Plan well. Climb more.

FAQ

How much time should I spend climbing in Cochamó?

Some stay months. Standard is two weeks to a month. The main question, however, is, how much time do you have? Minimum time to climb a big route in Cochamó is seven days. If the weather holds, you’re well prepared, etc., you may get in one, maybe two 10-plus-pitch routes and some cragging. Check out the ‘Strategies For Climbing Cochamó’ below for helping to plan your day-by-day visit.

What do you recommend I climb?

Cragging is great but bigwall routes is where Cochamó’s magic is. Check out the routes section and be sure to ask personnel from Camping La Junta (nearly all are climbers) and other returning climbers about recommended routes for your grade level.

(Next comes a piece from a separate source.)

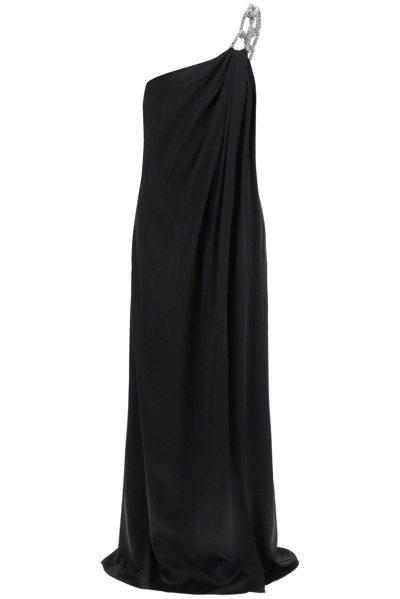 Shop Stella Mccartney Falabella Embellished Chain-linked Satin Gown In Nero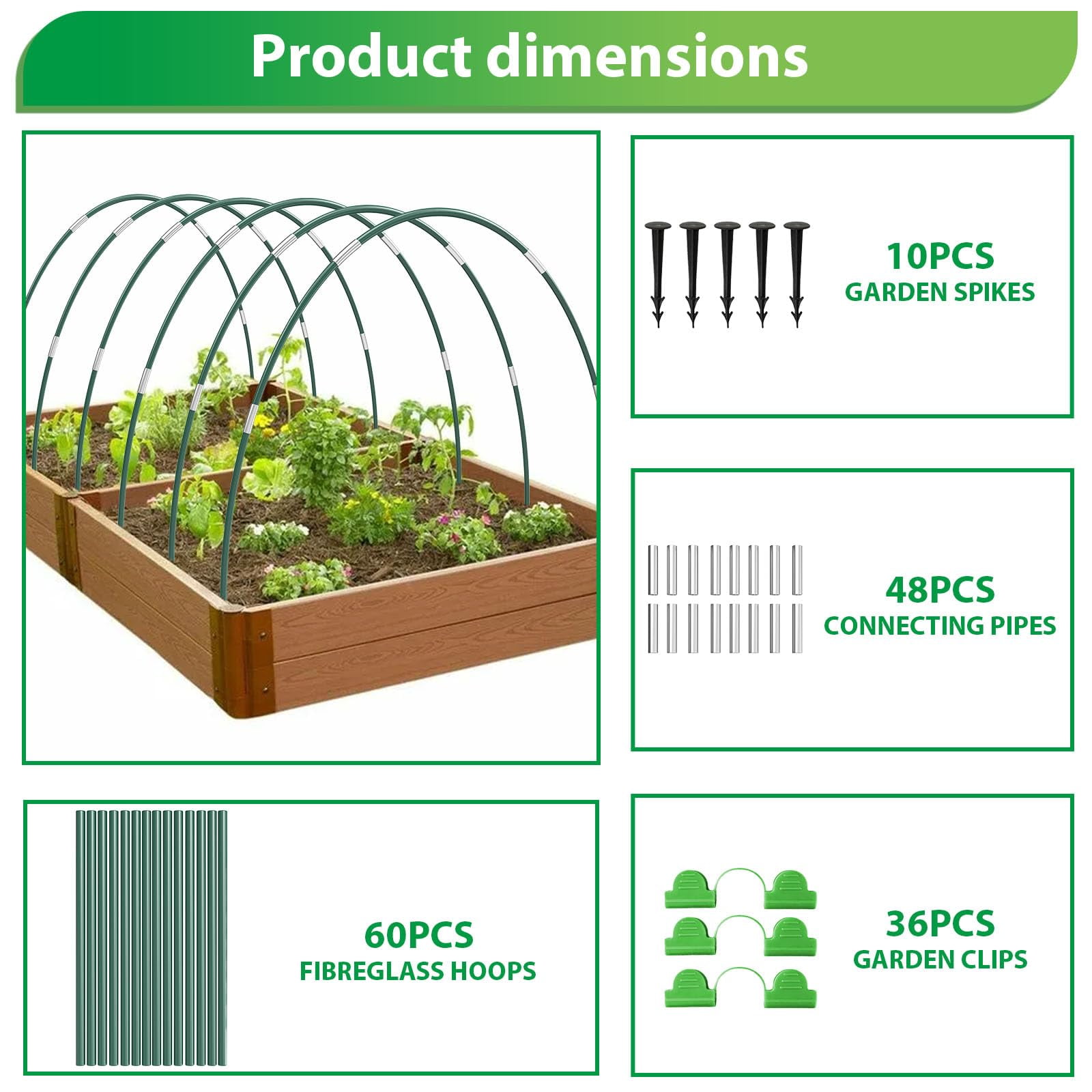 60Pcs Garden Hoops for Raised Beds,12 Sets of 7FT Greenhouse Hoops Grow Tunnel, Rust-Free Fiberglass Support Hoops Frame for Netting Shade Cloth Cover, DIY Plant Support Garden Stakes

When’s the climbing season?

See the When to go page.

So, I’ve heard this place labeled the Yosemite of South America. Well, is it?

No, it’s Cochamó. And Yosemite is the Cochamó of North America. But, as a first impression and as a four-word description, it’s not bad.

Can I rent climbing equipment there or will I need to lug it around?

You won’t be able to rent gear in the valley but can rent some basic gear in Puerto Varas from Huella Andina. Another option for some is to hire a guide to take you up a route. The most secure, least expensive yet heavier in the pack option is carrying your own. See “What to Bring” below. If you’re traveling with just your shoes and harness, you might be able to partner up with other climbers. In this case, you can try posting to the Climber Partner Board.

Do I need to reserve?

You will need to reserve December through March. January and February tend to be full. Before December and after March, you can get a site upon arrival.

Is there free camping?

No. In the past the valley was overrun and greatly impacted by unmanaged camping. Please, help care for this beautiful yet environmentally fragile area. If you can’t pay for the camping and all its installations, consider a different destination. Patagonia is loaded with less known less explored walls.

A Basic Plan

There are many strategies for successful climbing in Cochamó. Too many climbers, however, come with poor strategy, climb almost nothing and walk way too much. Below is the most common and successful strategy to visit and enjoy the routes and the beauties of the valley. Seven days is really short for a climbing visit, but this seven-day layout gives a good feel for how to plan.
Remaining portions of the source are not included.